**** LISTED RECORDS ****

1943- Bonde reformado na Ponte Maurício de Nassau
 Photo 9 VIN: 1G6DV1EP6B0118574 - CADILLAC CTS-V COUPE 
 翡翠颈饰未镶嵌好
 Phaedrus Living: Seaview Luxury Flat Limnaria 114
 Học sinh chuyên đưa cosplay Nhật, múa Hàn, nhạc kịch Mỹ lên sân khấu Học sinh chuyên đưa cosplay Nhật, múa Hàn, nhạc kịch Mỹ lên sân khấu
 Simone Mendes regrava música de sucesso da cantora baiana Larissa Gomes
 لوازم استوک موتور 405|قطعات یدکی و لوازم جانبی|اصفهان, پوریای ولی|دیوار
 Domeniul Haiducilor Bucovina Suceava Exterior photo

****

Find the line that contains "Phaedrus Living: Seaview". Copy it and every line after it to the end of the records, exactly, and nothing more.

 Phaedrus Living: Seaview Luxury Flat Limnaria 114
 Học sinh chuyên đưa cosplay Nhật, múa Hàn, nhạc kịch Mỹ lên sân khấu Học sinh chuyên đưa cosplay Nhật, múa Hàn, nhạc kịch Mỹ lên sân khấu
 Simone Mendes regrava música de sucesso da cantora baiana Larissa Gomes
 لوازم استوک موتور 405|قطعات یدکی و لوازم جانبی|اصفهان, پوریای ولی|دیوار
 Domeniul Haiducilor Bucovina Suceava Exterior photo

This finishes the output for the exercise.